Anbieter Stadtmobil Südbaden ist auf dem Land präsenter. Seit mehr als 25 Jahren biete man dort Carsharing an, sagt Geschäftsführerin Monika Schwinkendorf. Das Unternehmen unterhält 280 Fahrzeuge, davon 25 Autos in 13 Gemeinden des Landkreises. Rund 800 Menschen nutzen hier das Angebot. In Südbaden sind es etwa 11 000. "Dort, wo die ÖPNV-Anbindung gut ist, zum Beispiel in Gundelfingen und Merzhausen, ist das Projekt ein Erfolg", sagt Schwinkendorf.

Modell Kommunales Auto

Einige Rathäuser und Firmen kooperieren mit My-E-Car und stellen ihren Mitarbeitern Elektroautos zu Dienstzwecken zur Verfügung. Nach Feierabend oder am Wochenende können dann Bürger, die sich kostenlos registriert haben, die Autos mieten.
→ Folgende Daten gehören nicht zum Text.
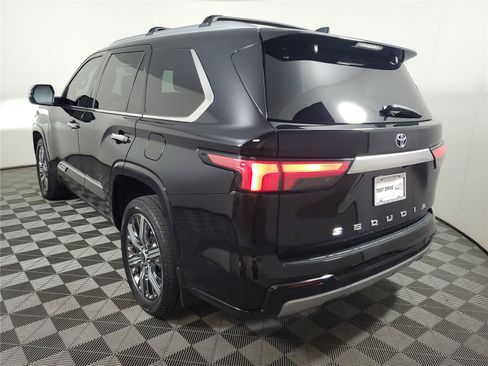 Used 2023 Toyota Sequoia Capstone AWD/4WD image 4
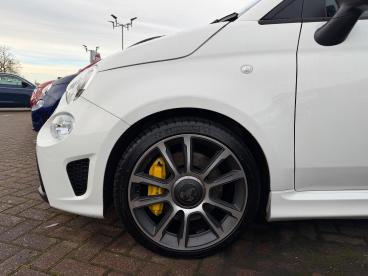 SPOTICAR Abarth 695 1.4 T-jet Turismo Auto Euro 6 3dr Used Car - City Car Petrol White - Slough - 1200565875_5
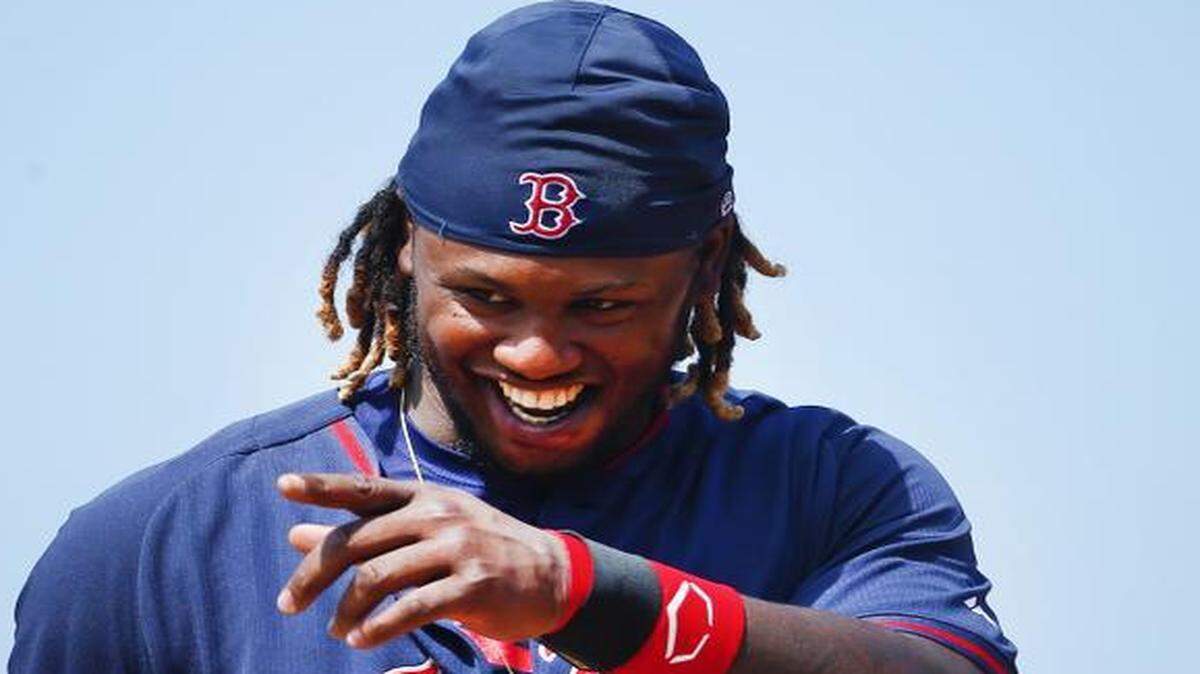 
 Red Sox outfielder Hanley Ramirez 

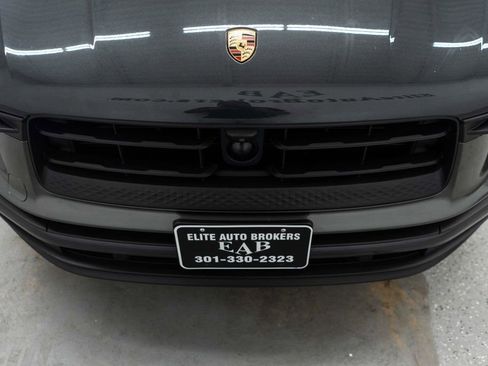Used 2023 Porsche Macan Turbo image 41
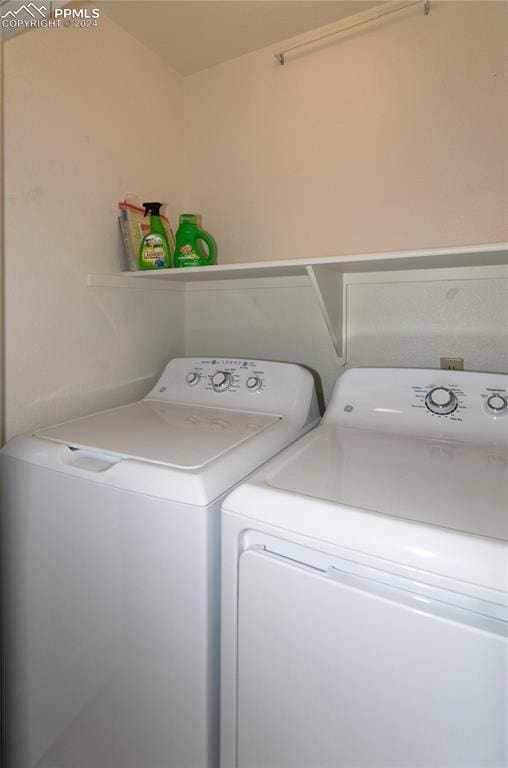 laundry area featuring washer and clothes dryer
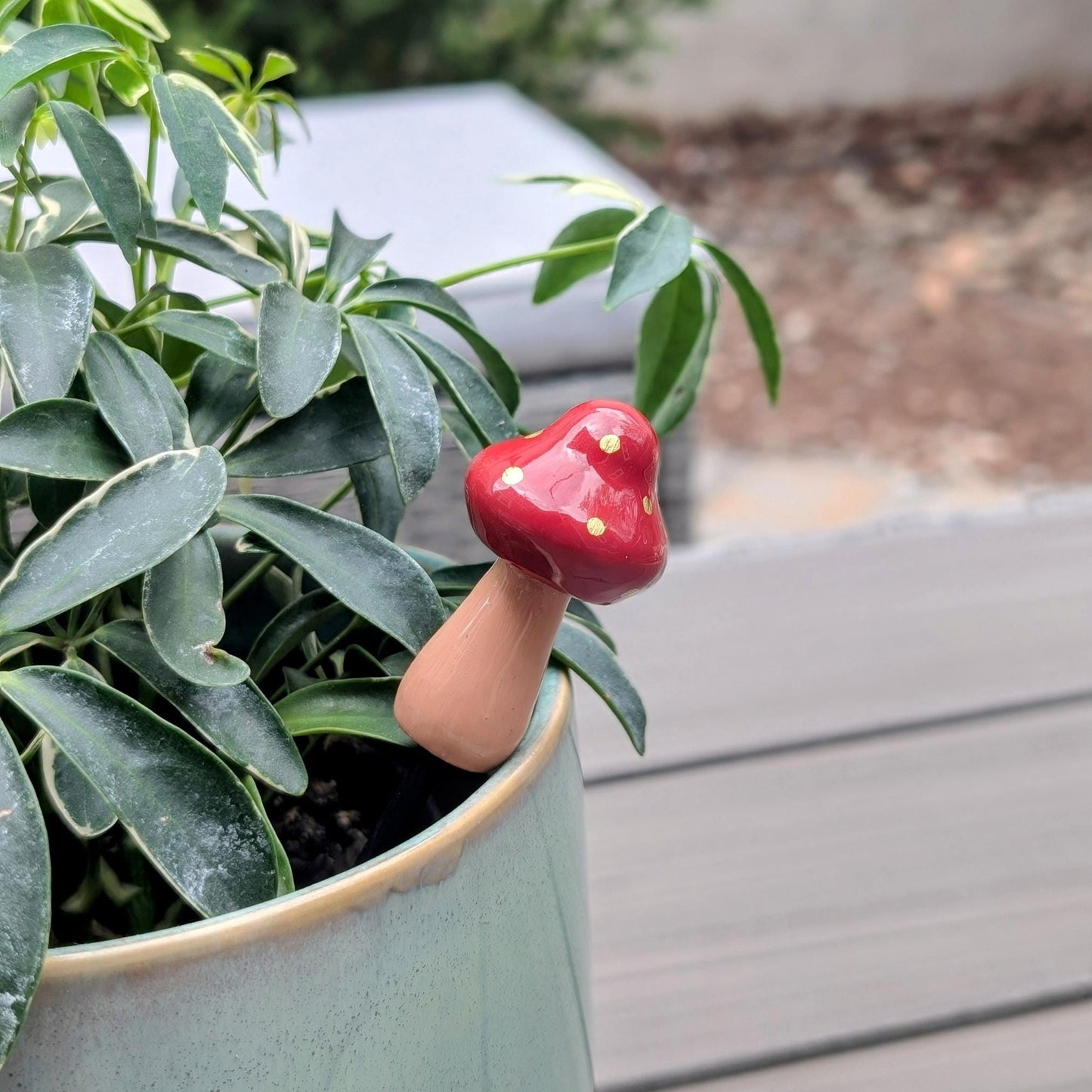 Houseplant Gift Ornament Fairy Mushroom Stake Decor for Birthday Home Present Cottage Style Wooden Accent Garden Ornament Red Cap Farmhouse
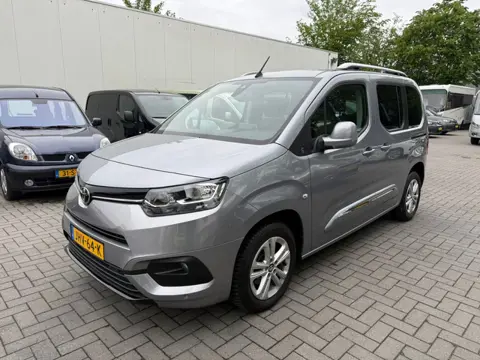 Toyota PROACE CITY Verso L1 - Rolstoelauto 4+1 - Alle Opties - Bodemverlaging - 1e Eigenaar - Rolsto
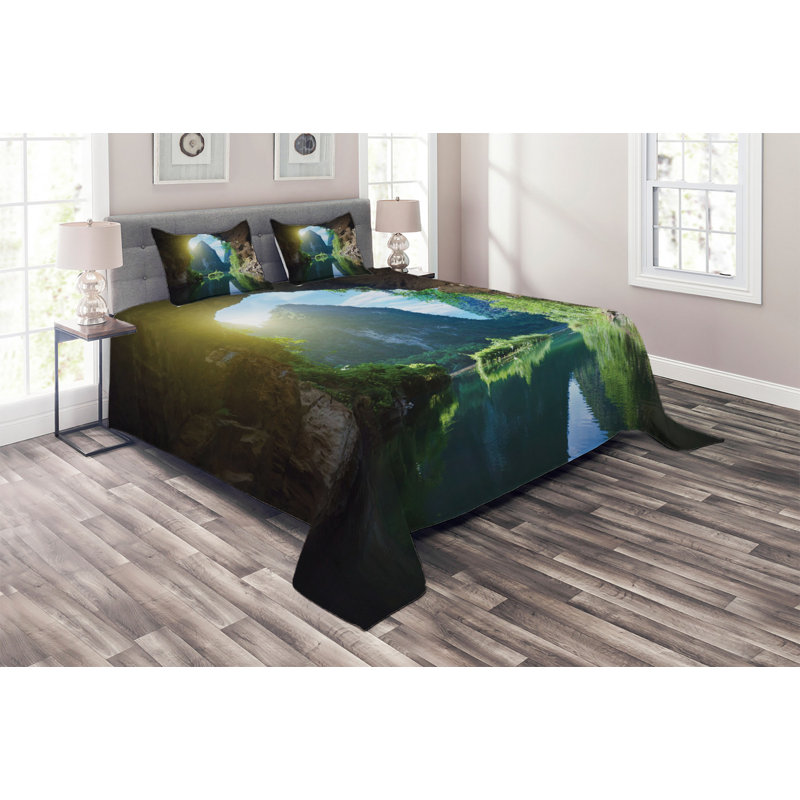 Modern & Contemporary Coverlet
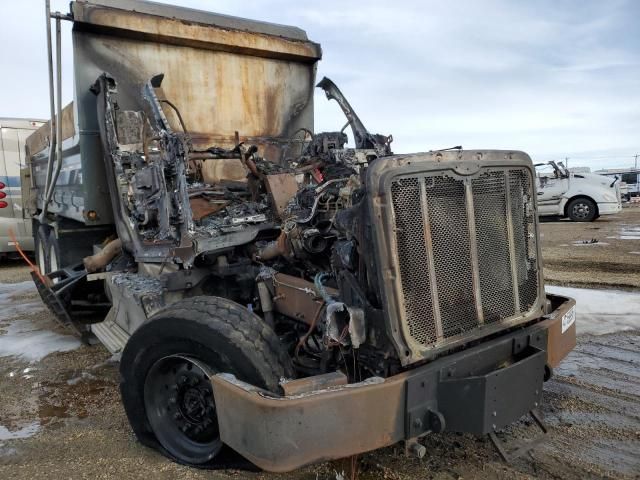 2015 Peterbilt 567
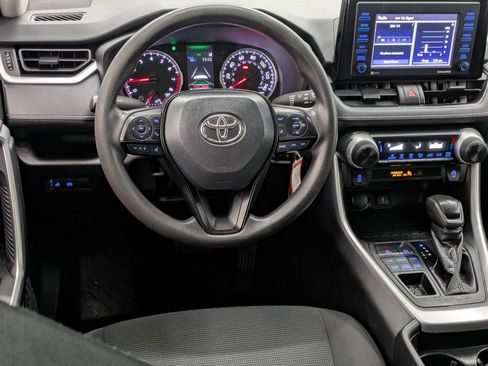 Used 2021 Toyota RAV4 LE image 4
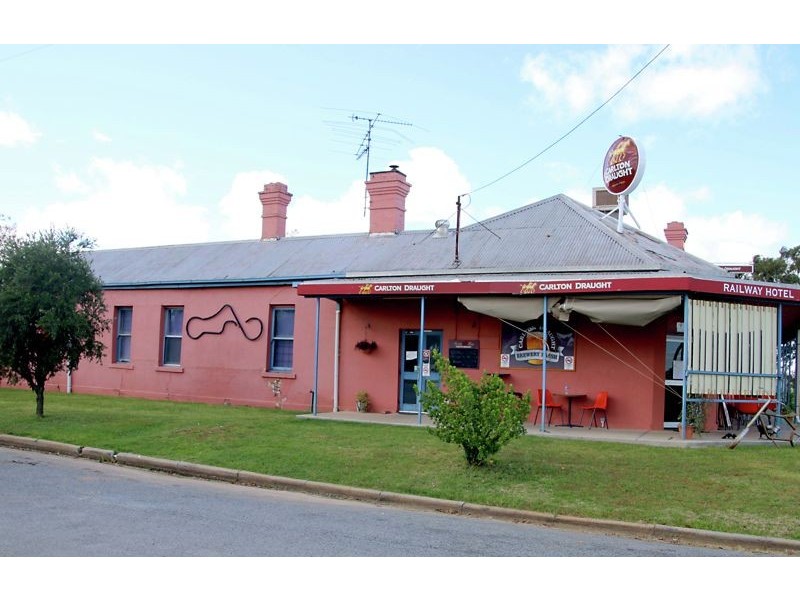 33 Brookong Street, Lockhart NSW 2656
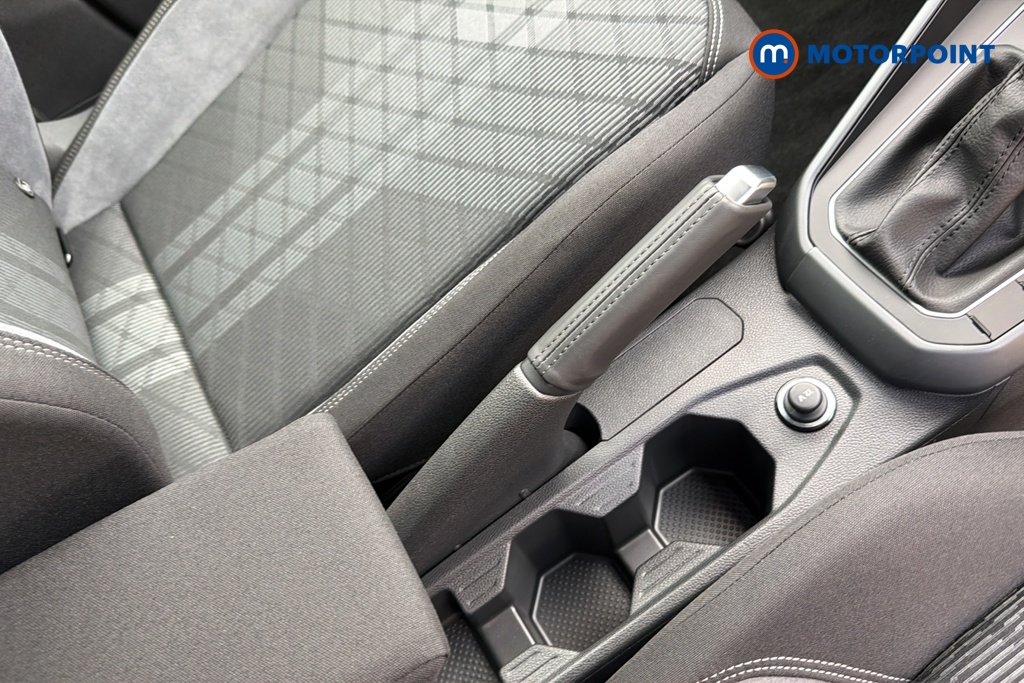 Volkswagen Polo R-Line Automatic Petrol Hatchback - Stock Number (1647996) - 16th supplementary image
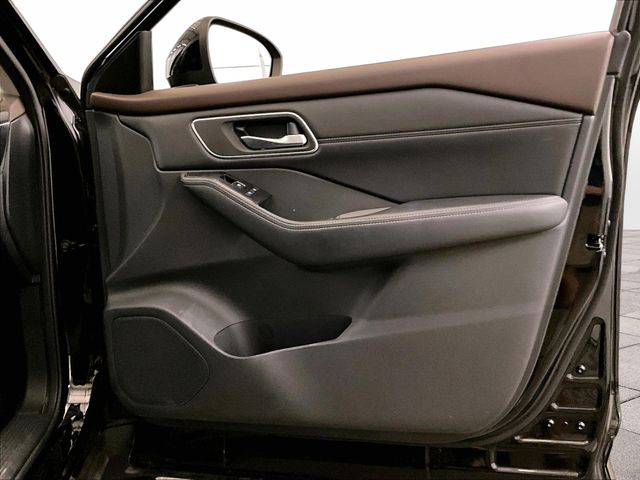 2021 Nissan Rogue SL Black at John Sisson Motors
My-E-Car ist ein Joint Venture von Stadtmobil Südbaden und dem Energieversorger Energiedienst, das derzeit mit 14 Kommunen, zwei Landratsämtern sowie drei Firmen kooperiere, sagt Schwinkendorf. Die Verträge laufen in der Regel drei Jahre, 25 Elektroautos seien im Einsatz, die meisten am Hochrhein.

Im Kreis testen die Gemeinden Ehrenkirchen, Bollschweil und Wittnau aktuell das Modell. Für die Kommunen kann es sich rechnen, wenn sie die Autos regelmäßig an ihre Bürger verleihen. Diese müssen unabhängig von den gefahrenen Kilometern fünf Euro für die erste Stunde zahlen, vier für jede weitere. Die Reichweite beträgt laut Nils Hoesch, Leiter Elektromobilität bei Energiedienst, 300 Kilometern. "Wir wollen junge Menschen ansprechen", sagt er. Auch der Auer und Wittnauer Bürgermeister Jörg Kindel hofft auf diese Klientel. "Als ich 18 Jahre alt war, wollte jeder auf dem Land ein eigenes Auto haben." Doch die Werte hätten sich verschoben, nicht jeder junge Mensch besitze ein eigenes Auto. Kindel will nun beobachten, wie sich das Projekt in Wittnau, das die Gemeinde rund 10 000 Euro im Jahr kostet, entwickelt, um zu schauen, ob es sich auch in Au anwenden lässt.

Modell Elektroauto für Touristen

Die Hochschwarzwald Tourismus Gesellschaft (HTG) startete 2015 ein Carsharing-Projekt für Einheimische und Touristen mit 25 Elektroautos. In diesem Jahr reduzierte sie ihre Flotte auf zehn Autos, weil das Angebot seltener als erwartet genutzt worden sei, sagt Sprecher Herbert Kreuz. 80 Prozent der Kunden seien Gäste gewesen, weswegen die HTG sich fortan auf die touristischen Regionen Titisee, Schluchsee, Feldberg und Hinterzarten konzentrieren will. Nutzer der Hochschwarzwaldcard können das Auto drei Stunden am Tag kostenlos nutzen. Allerdings habe es wegen der schwachen Netzabdeckung im Hochschwarzwald auch schon Probleme gegeben, online gebuchte Autos rechtzeitig freizuschalten, sagt Kreutz.